Das sagte Ruth Elsner (50), Gattin des Ex-BAWAG-Generaldirektors und jetzigen Angeklagten Helmut Elsner, bei ihrer Zeugenbefragung am Montag, dem 46. Verhandlungstag im BAWAG-Prozess, aus. Sie habe dabei die Stimme von Wolfgang Flöttl vernehmen können. Dabei habe sie das Gefühl gehabt, dass etwas nicht stimmen konnte.

Sinngemäß habe Flöttl gesagt: „Helmut, ruf mich in New York an.“ Das habe sie auch ihrem Mann gesagt. Beim darauffolgenden Gespräch sei sie nicht dabei gewesen, erst danach habe sie ihn gefragt, was los sei. „Du kannst es dir nicht vorstellen, das ganze Geld ist weg“, habe ihr Mann gesagt. „Mein Mann war vollkommen fertig“, so Ruth Elsner. Sie habe aus der „Blässe“ und Körpersprache gewusst, dass etwas ganz Schreckliches passiert ist. Er habe versucht, andere Vorstandskollegen zu erreichen und sei so rasch als möglich nach New York geflogen.

Der Zeugenauftritt von Ruth Elsner stieß auf reges Besucher- und Medieninteresse. Unter den Zuhörern im Großen Schwurgerichtssaal des Landesgerichtes Wien waren auch die Tochter von Elsner aus seiner ersten Ehe, Marie-Therese Kinsky, seine Ex-Gattin und Elsners frühere Sekretärin Sandra Rogatsch, die für ihn auch nach der Pensionierung die persönlichen Konten geführt hat.

Elsners jetzige Gattin gab bei ihrer Zeugenbefragung als Beruf „Hausfrau“ an. Sie habe von 1975 bis 1985 zehn Jahre lang im Kassensaal der BAWAG gearbeitet, seit 1988 sei sie mit Elsner verheiratet. Den Investmentbanker Wolfgang Flöttl habe sie persönlich erst 1994 oder 1995 kennengelernt. Von den Karibik-1-Geschäften habe sie in erster Linie aus den Medien gewusst. Prinzipiell habe sie mit ihrem Mann nie über Geschäfte gesprochen, sagte Ruth Elsner. „Mein Mann war immer angestrengt“, so die Elsner-Gattin. Als Generaldirektor eines großen Wirtschaftsunternehmens sei man in erster Linie Stratege – von 8 bis 16 Uhr. Es habe danach sicher ein bis zwei Stunden gedauert, bis er abschalten konnte, oft sei dies gar nicht gelungen.

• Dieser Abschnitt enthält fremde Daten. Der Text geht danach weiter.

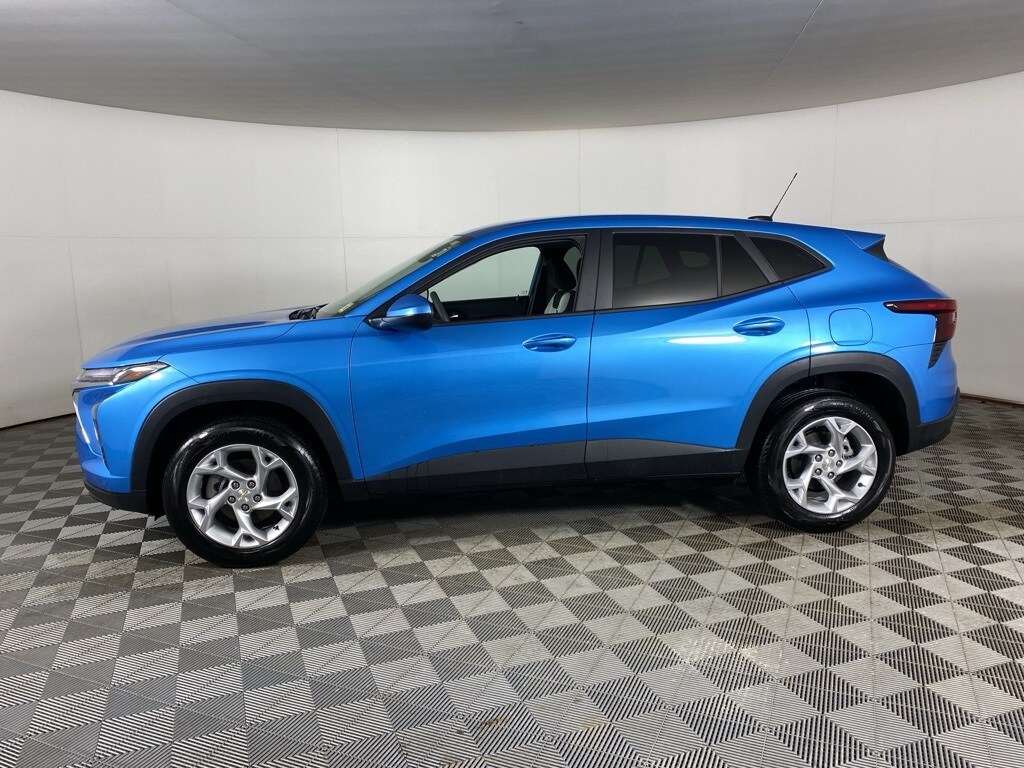 Certified 2025 Chevrolet Trax LS SUV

Ruth Elsner: “Das ganze Geld ist weg”
Im Dezember 2000 – in der Zwischenzeit ist auch der Versuch der BAWAG, gemeinsam mit dem Investmentbanker Wolfgang Flöttl die Verluste von 1998 mit neuen Spekulationsgeschäften auszugleichen gescheitert – sei sie mit ihrem Mann nach London mitgeflogen, sagte Elsners Gattin Ruth Elsner weiter aus. Er habe etwas geschäftliches zu tun, habe ihr Mann zu ihr gesagt. Es seien Theater- und Opernkarten bestellt worden und Weihnachtseinkäufe geplant gewesen.

Flöttl habe sie am Flughafen in London abgeholt, er sei im Wesen sehr verändert gewesen und habe sehr wortkarg gewirkt. Sie habe das Gefühl gehabt, „er ist krank oder wird krank“. Am Abend im Theater sei ihr aufgefallen, dass Flöttl nichts vom Stück mitbekommen habe, nicht in Stimmung gewesen sei. Flöttl hatte Elsner beim London-Aufenthalt über den Verlust von über 400 Mio. Euro informiert.

Am Freitag Nachmittag, vor dem geplanten Besuch einer Opernaufführung, habe sich ihr Mann mit Flöttl besprochen, sie habe sich für den Opernbesuch fertig gemacht. Ihr Mann sei dann nicht gekommen, auf mehrmalige telefonische Anfrage habe es nur geheißen, man dürfe nicht stören. Als ihr Mann dann ins Zimmer kam, sei er bleich auf das Sofa gefallen und habe gesagt: „Du kannst es dir nicht vorstellen, das ganze Geld ist weg.“ „Bleich wie die Wand“ sei ihr Gatte gewesen. „So habe ich ihn noch nie gesehen, dabei hab ich mich schon so auf die Oper gefreut“, so Frau Elsner.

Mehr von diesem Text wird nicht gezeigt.